EXCERPTED DATA START

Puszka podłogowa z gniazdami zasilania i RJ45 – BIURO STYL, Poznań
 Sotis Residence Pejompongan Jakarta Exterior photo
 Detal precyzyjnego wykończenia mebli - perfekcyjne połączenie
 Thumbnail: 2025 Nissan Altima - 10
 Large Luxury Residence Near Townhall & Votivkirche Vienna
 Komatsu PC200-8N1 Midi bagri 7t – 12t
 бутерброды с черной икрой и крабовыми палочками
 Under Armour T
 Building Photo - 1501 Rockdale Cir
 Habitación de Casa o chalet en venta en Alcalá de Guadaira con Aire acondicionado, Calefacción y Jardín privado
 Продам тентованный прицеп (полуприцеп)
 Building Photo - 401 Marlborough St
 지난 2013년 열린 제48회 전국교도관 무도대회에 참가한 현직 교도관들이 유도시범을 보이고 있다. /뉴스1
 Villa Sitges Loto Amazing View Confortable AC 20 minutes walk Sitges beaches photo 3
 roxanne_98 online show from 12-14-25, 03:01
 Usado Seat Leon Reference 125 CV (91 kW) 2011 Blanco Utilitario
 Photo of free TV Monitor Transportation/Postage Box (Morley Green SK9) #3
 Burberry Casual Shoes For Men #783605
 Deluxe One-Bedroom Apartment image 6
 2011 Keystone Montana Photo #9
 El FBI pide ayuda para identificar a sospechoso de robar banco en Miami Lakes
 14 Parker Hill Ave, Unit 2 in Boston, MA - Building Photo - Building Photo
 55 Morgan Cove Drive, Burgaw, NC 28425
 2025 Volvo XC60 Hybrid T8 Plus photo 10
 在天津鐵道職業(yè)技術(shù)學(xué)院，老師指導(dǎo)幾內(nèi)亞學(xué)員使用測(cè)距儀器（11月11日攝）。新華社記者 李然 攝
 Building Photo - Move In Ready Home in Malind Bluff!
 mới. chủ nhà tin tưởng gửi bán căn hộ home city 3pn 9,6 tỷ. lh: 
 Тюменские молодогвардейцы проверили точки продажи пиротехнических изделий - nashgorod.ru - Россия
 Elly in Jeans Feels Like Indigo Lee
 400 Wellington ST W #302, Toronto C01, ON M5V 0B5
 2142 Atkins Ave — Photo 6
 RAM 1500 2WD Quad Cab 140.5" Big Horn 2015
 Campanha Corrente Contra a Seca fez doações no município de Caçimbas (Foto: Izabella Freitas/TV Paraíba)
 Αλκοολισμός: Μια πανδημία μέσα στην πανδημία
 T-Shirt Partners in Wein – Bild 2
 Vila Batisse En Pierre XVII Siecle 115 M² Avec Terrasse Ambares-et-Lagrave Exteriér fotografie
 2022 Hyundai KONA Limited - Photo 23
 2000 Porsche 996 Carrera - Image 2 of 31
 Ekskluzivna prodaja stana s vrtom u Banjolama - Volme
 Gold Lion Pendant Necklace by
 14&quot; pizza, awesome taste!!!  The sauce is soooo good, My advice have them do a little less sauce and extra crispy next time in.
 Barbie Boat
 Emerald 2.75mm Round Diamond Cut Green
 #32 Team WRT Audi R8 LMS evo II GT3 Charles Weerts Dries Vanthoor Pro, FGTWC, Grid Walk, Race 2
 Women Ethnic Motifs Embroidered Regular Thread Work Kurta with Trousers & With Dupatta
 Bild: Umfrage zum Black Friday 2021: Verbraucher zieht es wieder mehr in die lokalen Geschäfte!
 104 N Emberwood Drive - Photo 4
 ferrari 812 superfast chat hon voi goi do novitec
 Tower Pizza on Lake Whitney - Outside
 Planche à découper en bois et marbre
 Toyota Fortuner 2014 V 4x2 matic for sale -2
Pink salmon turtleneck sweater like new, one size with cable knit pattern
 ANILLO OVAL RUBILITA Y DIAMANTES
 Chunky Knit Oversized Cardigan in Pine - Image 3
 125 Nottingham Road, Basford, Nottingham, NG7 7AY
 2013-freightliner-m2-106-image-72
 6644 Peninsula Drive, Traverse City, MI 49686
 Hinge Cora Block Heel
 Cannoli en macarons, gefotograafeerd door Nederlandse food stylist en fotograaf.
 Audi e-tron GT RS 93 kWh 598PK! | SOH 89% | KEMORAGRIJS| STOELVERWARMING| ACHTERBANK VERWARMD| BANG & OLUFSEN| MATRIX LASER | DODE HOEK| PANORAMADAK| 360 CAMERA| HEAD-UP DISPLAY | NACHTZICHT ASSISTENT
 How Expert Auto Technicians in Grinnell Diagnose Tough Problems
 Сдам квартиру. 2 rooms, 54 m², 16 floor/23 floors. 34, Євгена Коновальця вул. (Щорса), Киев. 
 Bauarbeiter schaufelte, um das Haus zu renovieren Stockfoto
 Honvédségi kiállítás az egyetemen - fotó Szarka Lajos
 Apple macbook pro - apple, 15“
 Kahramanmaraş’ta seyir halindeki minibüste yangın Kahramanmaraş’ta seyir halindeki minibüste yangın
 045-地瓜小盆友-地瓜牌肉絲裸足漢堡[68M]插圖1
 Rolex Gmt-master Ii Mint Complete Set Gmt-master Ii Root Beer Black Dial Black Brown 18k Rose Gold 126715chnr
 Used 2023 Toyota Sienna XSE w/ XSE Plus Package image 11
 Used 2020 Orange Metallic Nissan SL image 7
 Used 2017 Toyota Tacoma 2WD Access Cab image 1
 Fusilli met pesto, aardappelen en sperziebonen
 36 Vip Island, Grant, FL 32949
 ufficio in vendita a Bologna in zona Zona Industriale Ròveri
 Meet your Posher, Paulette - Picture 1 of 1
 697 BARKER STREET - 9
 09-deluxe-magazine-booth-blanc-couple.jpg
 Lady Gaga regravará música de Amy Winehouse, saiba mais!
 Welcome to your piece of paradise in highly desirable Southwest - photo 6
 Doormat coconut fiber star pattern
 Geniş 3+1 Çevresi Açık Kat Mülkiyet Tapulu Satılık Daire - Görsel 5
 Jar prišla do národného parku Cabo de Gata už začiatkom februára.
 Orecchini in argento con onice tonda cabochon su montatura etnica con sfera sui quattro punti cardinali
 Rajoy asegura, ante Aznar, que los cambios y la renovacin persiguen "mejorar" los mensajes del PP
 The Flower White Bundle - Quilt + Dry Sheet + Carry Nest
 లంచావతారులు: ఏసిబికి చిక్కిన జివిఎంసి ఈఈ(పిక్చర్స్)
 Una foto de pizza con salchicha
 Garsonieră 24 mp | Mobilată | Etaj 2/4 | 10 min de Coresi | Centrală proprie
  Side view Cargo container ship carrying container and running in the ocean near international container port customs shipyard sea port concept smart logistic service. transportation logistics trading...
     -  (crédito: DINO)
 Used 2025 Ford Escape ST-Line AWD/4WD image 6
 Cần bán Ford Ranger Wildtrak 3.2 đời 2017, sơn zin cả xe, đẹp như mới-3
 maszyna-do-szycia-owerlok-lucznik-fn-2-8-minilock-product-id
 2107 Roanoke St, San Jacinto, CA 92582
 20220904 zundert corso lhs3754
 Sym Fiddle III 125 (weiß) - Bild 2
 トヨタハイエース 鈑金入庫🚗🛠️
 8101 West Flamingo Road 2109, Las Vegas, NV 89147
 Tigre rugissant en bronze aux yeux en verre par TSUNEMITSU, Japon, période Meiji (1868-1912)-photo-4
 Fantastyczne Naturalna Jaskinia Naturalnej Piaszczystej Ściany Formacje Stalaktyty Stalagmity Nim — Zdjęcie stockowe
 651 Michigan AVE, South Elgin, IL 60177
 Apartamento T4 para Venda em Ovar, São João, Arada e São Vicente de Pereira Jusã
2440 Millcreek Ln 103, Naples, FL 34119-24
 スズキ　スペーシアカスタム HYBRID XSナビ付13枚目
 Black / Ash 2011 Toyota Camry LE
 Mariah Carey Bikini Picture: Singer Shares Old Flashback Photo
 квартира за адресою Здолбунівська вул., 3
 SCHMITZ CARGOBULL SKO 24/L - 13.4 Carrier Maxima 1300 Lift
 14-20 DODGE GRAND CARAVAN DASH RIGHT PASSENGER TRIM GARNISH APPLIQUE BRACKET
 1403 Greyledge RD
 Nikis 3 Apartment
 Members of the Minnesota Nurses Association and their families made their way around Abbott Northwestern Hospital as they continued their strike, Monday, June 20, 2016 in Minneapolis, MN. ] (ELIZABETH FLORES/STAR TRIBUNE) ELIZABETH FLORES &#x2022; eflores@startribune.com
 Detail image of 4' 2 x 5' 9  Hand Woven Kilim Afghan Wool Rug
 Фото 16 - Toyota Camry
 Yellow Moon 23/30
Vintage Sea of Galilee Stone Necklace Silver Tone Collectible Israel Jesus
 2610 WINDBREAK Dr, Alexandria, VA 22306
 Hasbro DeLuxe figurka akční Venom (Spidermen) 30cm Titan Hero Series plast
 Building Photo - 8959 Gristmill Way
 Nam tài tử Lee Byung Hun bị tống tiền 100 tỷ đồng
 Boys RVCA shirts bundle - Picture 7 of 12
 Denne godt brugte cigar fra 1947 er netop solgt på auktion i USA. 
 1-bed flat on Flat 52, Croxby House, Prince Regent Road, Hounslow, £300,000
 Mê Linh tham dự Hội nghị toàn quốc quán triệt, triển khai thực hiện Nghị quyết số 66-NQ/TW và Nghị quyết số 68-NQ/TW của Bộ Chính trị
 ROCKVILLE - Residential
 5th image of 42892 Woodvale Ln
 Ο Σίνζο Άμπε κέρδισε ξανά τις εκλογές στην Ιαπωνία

EXCERPTED DATA END

ASSIGNMENT ::
Set down precisely the lines above between the line holding "スズキ　スペーシアカスタム HYBRID XSナビ付13枚目" and the line holding "Nikis 3 Apartment", inclusive, and nothing beyond them.

WRITTEN SOLUTION ::
 スズキ　スペーシアカスタム HYBRID XSナビ付13枚目
 Black / Ash 2011 Toyota Camry LE
 Mariah Carey Bikini Picture: Singer Shares Old Flashback Photo
 квартира за адресою Здолбунівська вул., 3
 SCHMITZ CARGOBULL SKO 24/L - 13.4 Carrier Maxima 1300 Lift
 14-20 DODGE GRAND CARAVAN DASH RIGHT PASSENGER TRIM GARNISH APPLIQUE BRACKET
 1403 Greyledge RD
 Nikis 3 Apartment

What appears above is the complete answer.